_Given data_:
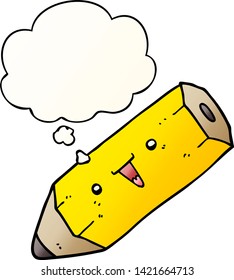 cute cartoon pencil with thought bubble in smooth gradient style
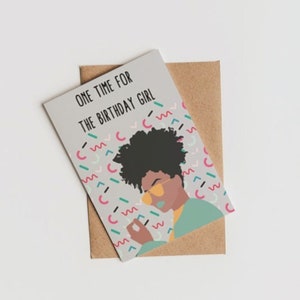 Tarjeta de cumpleaños: su cumpleaños / Una vez para la cumpleañera / Tarjetas de amistad / Tarjetas de felicitación negras / Tarjetas positivas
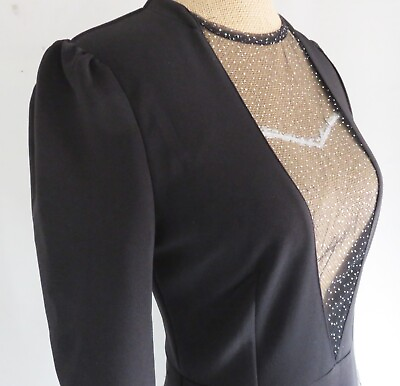 #ad PRETTY LITTLE THIING Black Maxi Dress Long Side Slit Deep V Neck Size 8UK GBP 27.00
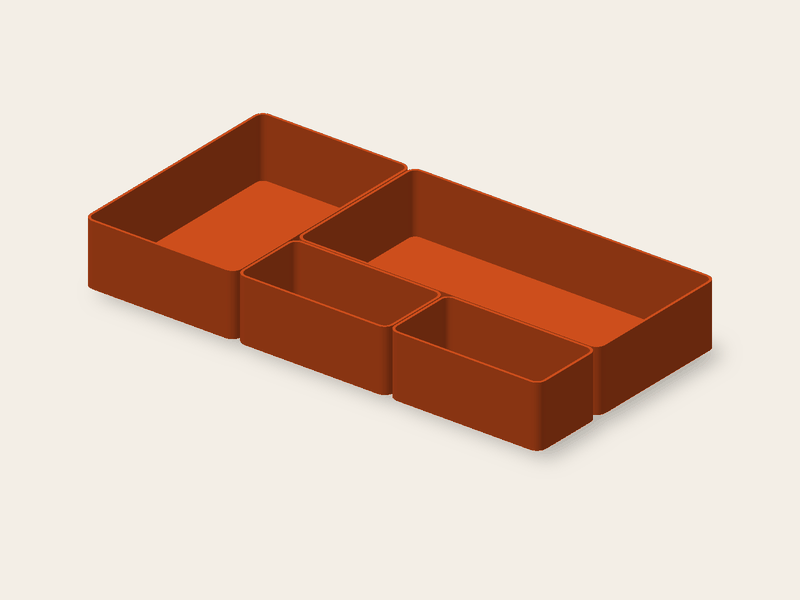 Čtyři misky tří velikostí pro zásuvku 300 × 150 mm, výška 40 mm.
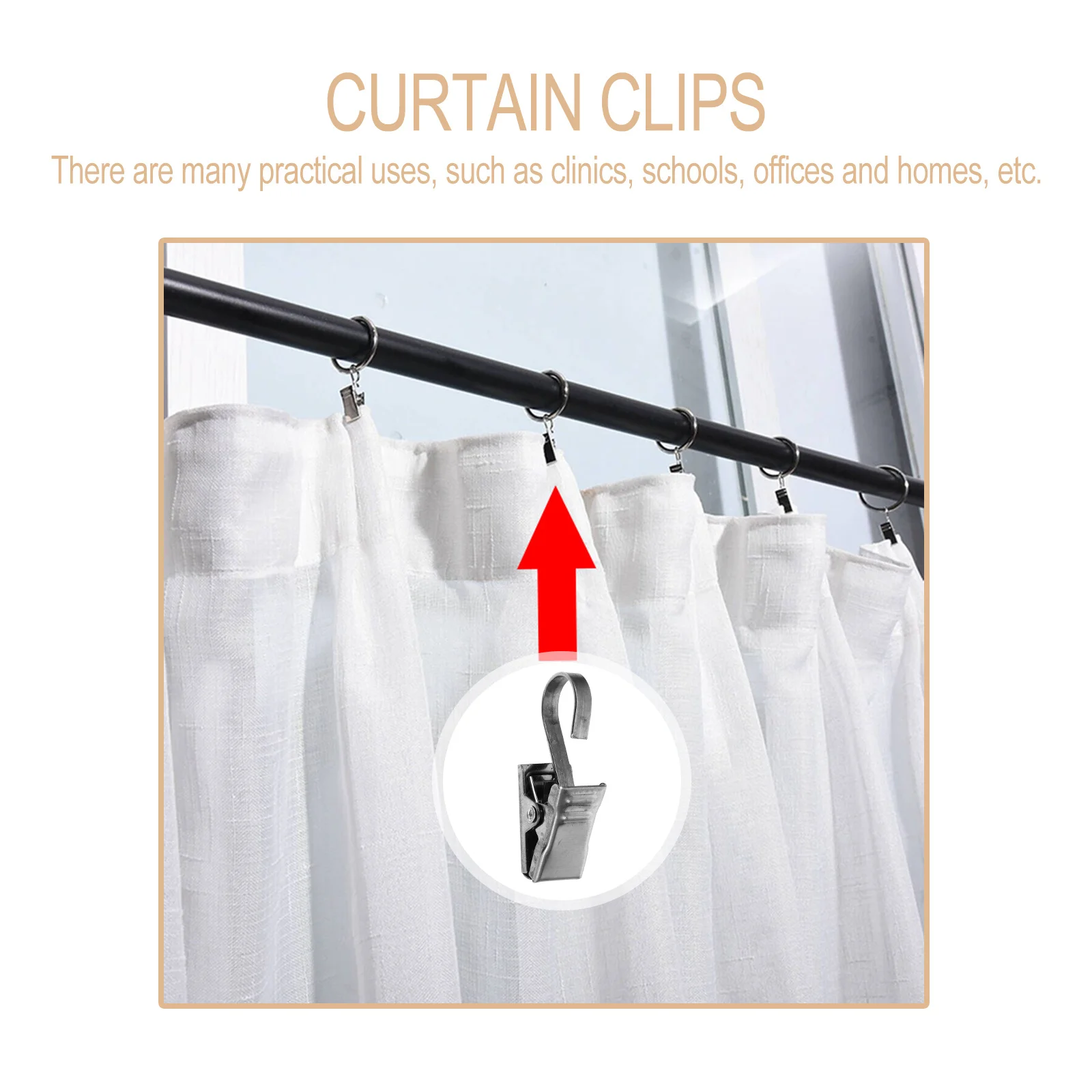 20 قطعة مشابك ستائر معدنية عالية الجودة للستائر والصور سهلة الاستخدام مشابك ستائر متعددة الوظائف مشبك ستارة الدش #6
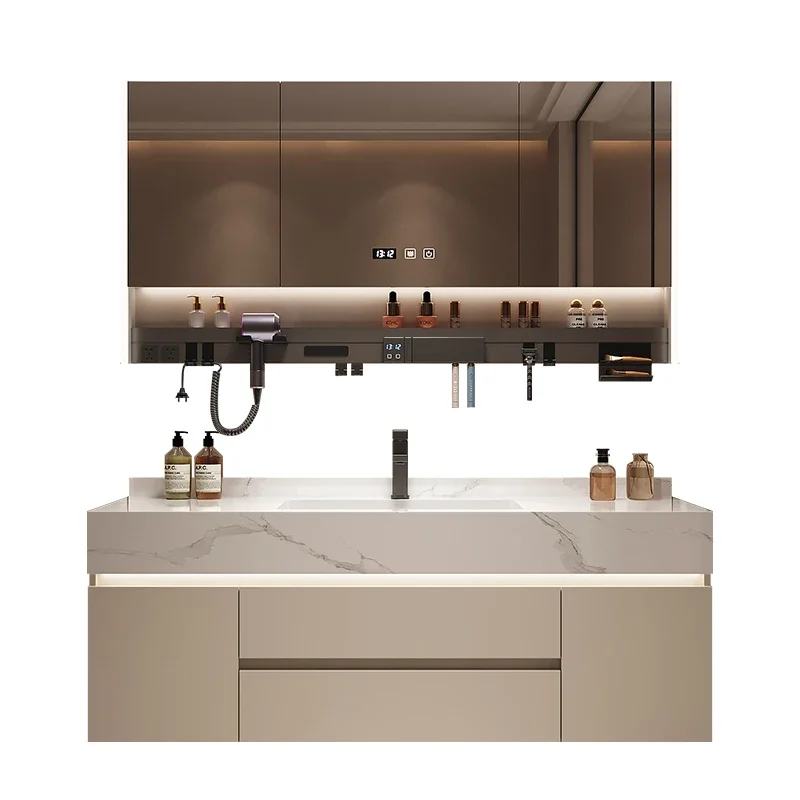 خزانة حمام حوض سيراميك بدون خياطة، خزانة حمام بسيطة وخفيفة فاخرة، خزانة حوض غسيل للحمام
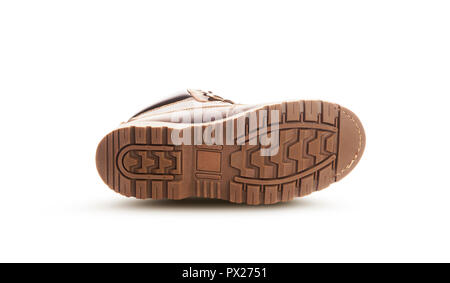 Brown boots sole. Isolated on a white Stock Photo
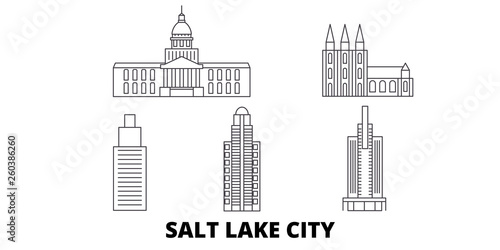 United States, Salt Lake City flat travel skyline set. United States, Salt Lake City black city vector panorama, illustration, travel sights, landmarks, streets.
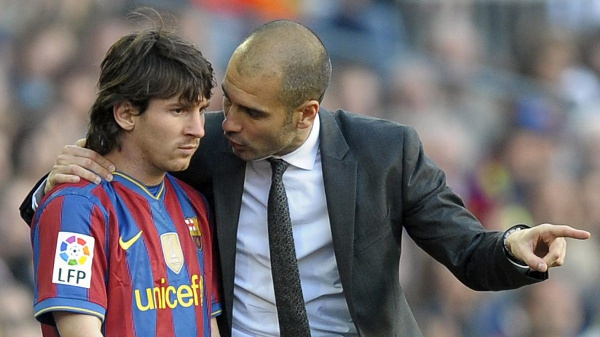 Pep Guardiola and Lionel Messi at Barcelona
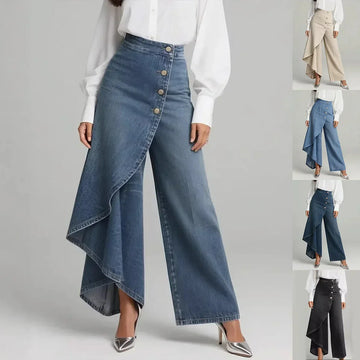 Asymmetrical wide-leg high waist pants in denim and neutral tones, button front, loose fit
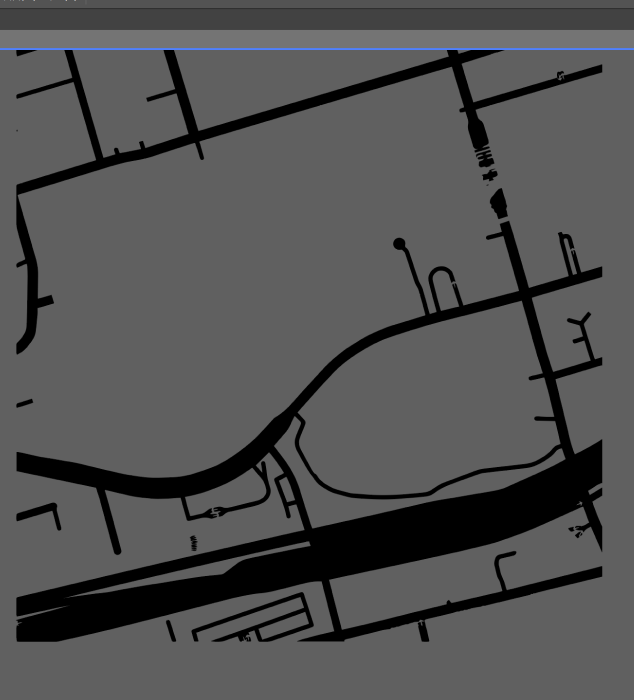 The image displays a black-and-white vector map of roads and regions within AI software, presenting geographic structures.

_What the exercise asks_:
Write out the listing again word for word, but without its pictures.

_Worked solution_:
 cute cartoon pencil with thought bubble in smooth gradient style
 Tarjeta de cumpleaños: su cumpleaños / Una vez para la cumpleañera / Tarjetas de amistad / Tarjetas de felicitación negras / Tarjetas positivas
 #ad PRETTY LITTLE THIING Black Maxi Dress Long Side Slit Deep V Neck Size 8UK GBP 27.00
 Čtyři misky tří velikostí pro zásuvku 300 × 150 mm, výška 40 mm.
 20 قطعة مشابك ستائر معدنية عالية الجودة للستائر والصور سهلة الاستخدام مشابك ستائر متعددة الوظائف مشبك ستارة الدش #6
 خزانة حمام حوض سيراميك بدون خياطة، خزانة حمام بسيطة وخفيفة فاخرة، خزانة حوض غسيل للحمام
 Brown boots sole. Isolated on a white Stock Photo
 United States, Salt Lake City flat travel skyline set. United States, Salt Lake City black city vector panorama, illustration, travel sights, landmarks, streets.
 Pep Guardiola and Lionel Messi at Barcelona
 Asymmetrical wide-leg high waist pants in denim and neutral tones, button front, loose fit
 The image displays a black-and-white vector map of roads and regions within AI software, presenting geographic structures.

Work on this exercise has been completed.